Ikay (Eisel Serrano), a screenwriter grappling with the aftermath of a traumatic breakup, struggles to complete her latest project. Her persistent delays have led to her boss' frustration, who issues an ultimatum: submit her work or face the possibility of losing her job. Seeking inspiration, Ikay decides to visit her favorite Aunt's place in Baguio. During her stay, she stumbles upon her Aunt's old walkie-talkie through which she receives messages from a man named Uly (Carlo Aquino) from Benguet. As the two engage in constant communication, Ikay gradually discovers the story she needs and finds inspiration in her newfound friend.
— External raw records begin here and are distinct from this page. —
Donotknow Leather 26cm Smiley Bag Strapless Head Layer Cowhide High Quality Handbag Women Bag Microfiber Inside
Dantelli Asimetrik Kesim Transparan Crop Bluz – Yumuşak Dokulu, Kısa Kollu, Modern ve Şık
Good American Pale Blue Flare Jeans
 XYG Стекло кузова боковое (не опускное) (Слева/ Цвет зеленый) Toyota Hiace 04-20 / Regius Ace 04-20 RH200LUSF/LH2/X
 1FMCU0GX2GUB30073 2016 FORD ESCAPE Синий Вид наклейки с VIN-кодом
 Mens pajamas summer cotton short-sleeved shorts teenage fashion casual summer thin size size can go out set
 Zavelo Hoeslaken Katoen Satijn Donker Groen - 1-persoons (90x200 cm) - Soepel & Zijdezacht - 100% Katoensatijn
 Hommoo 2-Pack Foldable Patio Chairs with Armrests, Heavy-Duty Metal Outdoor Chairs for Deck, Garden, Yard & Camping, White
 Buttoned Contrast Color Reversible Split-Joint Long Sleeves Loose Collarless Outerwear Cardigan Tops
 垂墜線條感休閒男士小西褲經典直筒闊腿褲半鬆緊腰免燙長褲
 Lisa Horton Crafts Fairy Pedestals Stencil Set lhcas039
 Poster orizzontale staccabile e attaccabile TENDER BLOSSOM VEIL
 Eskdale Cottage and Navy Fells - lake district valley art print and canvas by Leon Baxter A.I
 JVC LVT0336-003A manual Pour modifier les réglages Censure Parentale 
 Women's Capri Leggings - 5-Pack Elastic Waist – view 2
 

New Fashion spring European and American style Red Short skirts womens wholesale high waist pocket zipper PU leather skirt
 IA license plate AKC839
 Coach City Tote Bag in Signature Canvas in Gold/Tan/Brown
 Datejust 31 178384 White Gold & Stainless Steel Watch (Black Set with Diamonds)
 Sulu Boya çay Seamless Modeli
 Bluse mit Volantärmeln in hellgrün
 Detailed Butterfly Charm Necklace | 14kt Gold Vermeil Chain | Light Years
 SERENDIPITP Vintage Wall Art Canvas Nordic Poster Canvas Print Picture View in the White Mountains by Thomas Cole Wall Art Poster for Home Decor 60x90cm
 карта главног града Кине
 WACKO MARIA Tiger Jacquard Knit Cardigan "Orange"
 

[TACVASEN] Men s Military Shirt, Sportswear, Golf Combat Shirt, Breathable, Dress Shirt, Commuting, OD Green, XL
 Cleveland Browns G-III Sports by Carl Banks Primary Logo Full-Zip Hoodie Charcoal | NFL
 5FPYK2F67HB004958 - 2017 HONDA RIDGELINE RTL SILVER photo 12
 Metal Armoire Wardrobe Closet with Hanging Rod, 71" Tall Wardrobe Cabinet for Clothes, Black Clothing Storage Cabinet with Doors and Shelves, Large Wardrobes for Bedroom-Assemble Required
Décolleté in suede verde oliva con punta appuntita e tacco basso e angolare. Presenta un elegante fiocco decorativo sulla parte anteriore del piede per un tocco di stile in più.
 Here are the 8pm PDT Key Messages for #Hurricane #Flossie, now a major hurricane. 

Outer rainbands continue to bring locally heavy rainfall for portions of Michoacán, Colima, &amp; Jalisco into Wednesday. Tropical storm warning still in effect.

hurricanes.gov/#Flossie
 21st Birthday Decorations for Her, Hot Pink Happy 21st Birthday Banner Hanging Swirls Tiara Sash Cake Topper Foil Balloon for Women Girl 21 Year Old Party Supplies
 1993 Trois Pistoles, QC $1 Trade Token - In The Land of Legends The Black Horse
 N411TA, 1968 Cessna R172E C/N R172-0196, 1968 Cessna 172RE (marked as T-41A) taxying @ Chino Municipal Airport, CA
Our expectations were high, given that "Love You Long Time" was among the more promising films featured in the 2023 Summer Metro Manila Film Festival. However, perhaps our anticipation got the best of us. The film excels in its premise and cinematography. Once again, JP Habac proves his prowess behind the camera as he was able to capture the scenic beauty of the film's Baguio and Benguet backdrops. He also employed a unique two-shot style that added a distinctive and memorable touch to the film - while also serving a deeper purpose beyond aesthetics. Yet, where the film falters lies in Eisel Serrano's performance and the overall writing. While the chemistry between Carlo Aquino and Eisel Serrano is evident, Eisel's acting feels strained, unnatural, and occasionally irritating. As always, Carlo Aquino delivers a solid and well-rounded performance. However, it's apparent that he shoulders a significant portion of the workload to make their on-screen partnership function well. On the writing front, the film breezes through the development of the pair's relationship. The whirlwind romance lacks a substantial foundation to support the eventual unveiling of its twist. The script may have the usual one-liners but the story cannot survive on "hugot" lines alone. And while we understand the film strives for an unconventional premise and potentially an unconventional ending, the actual conclusion falls short. The ending needed more character development and backstories to feel earned. Although the film's premise and cinematography shine, the narrative and character depth leave much to be desired which makes this come off as an incomplete film or incomplete experience for us.